After having made that examination, I have come to the clear conclusion that the Palmpoint decision does decide the issue raised by the respondents and that decision is binding upon me. I do not consider that the decision depends in any way upon the proportions of site agreements which contain market review clauses; His Honour’s reference to antiquated or impractical mechanisms for managing market rent reviews was simply by way of giving an example supporting his conclusion and his decision was not dependent upon any site agreements in fact being antiquated or having impractical mechanisms.
His Honour in paragraph 17 of his decision made a finding that s.69 “provides for park owners who seek to increase the site rent pursuant to a site agreement that contains provisions for increasing the site rent, whereas s.71 is a provision which enables park owners to seek to increase site rent either outside the terms of any such site rent increase provision, but also covers the unlikely event of a park owner seeking to increase site rent either where no written site agreement exists, or where there is a written agreement but it does not contain a site rent increase provision. His Honour had previously in his decision referred to the situation that the Act itself mandated that all site agreements include provisions as to how and when the site rent may be varied, and that therefore it would be absurd to interpret s.71 as only applying to park owners who were in breach of mandatory provisions of the Act in s.25.
I have already made the finding that the proposed increase of site rent to $134.00 per week is not excessive and if it is further necessary to do so, I also find that the increase is fair and equitable. I find that the issuing of the Notices of increase in site rent pursuant to s.71 of the Act which were served on each of the respondents on or about 19 February 2010 are valid. The applicants were entitled pursuant to s.71 to serve those notices.
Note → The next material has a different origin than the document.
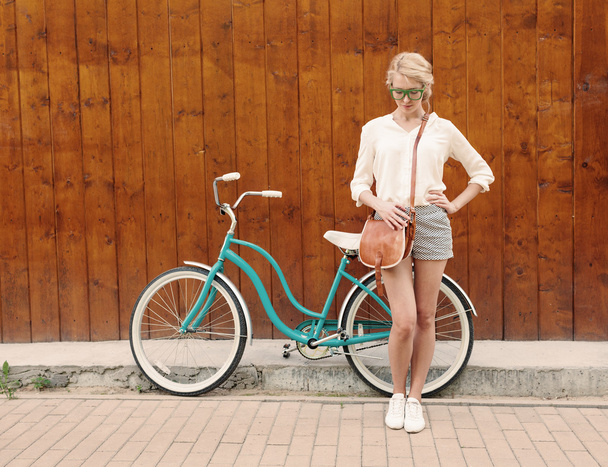 Young sexy blonde girl is standing near the vintage green bicycle with brown vintage bag in green sunglasses, warm, tonning - 写真・画像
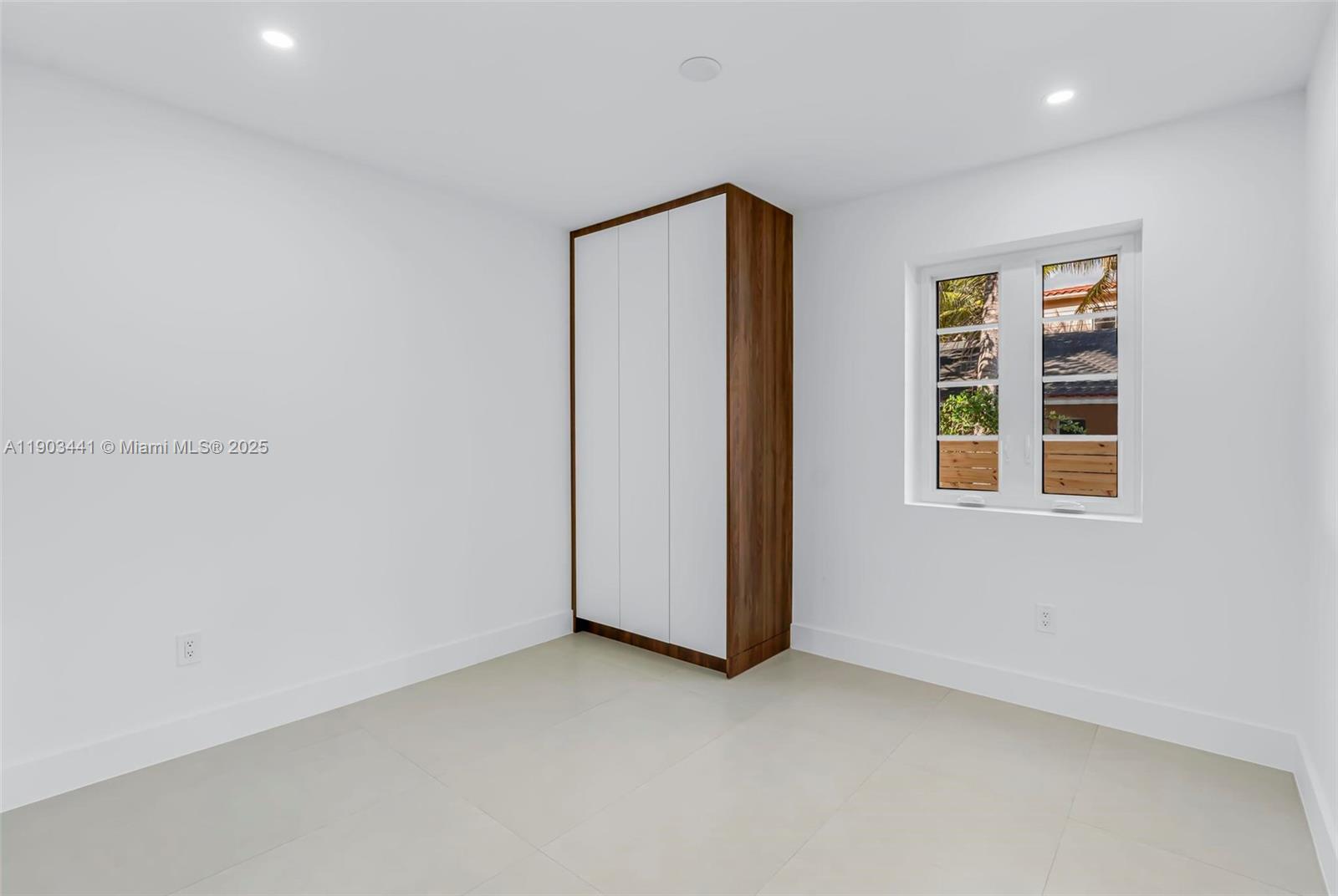 524 Northeast 65th Street, Unit 1 Miami, FL 33138 - Photo 13 of 26 an empty room with windows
Accordingly, I order that the applicant’s proposed increase in site rent to $134.00 per week in respect of each of the respondents is confirmed.
The applicants have flagged an intention to seek costs if the decision should be in their favour. Accordingly, I give leave to the applicants to provide to the Tribunal written submissions on costs within fourteen (14) days of notification of this decision; and I give leave to the respondents to provide written submissions to the Tribunal with respect to costs within seven (7) days after delivery to them to the applicant’s written submissions with respect to costs (if any).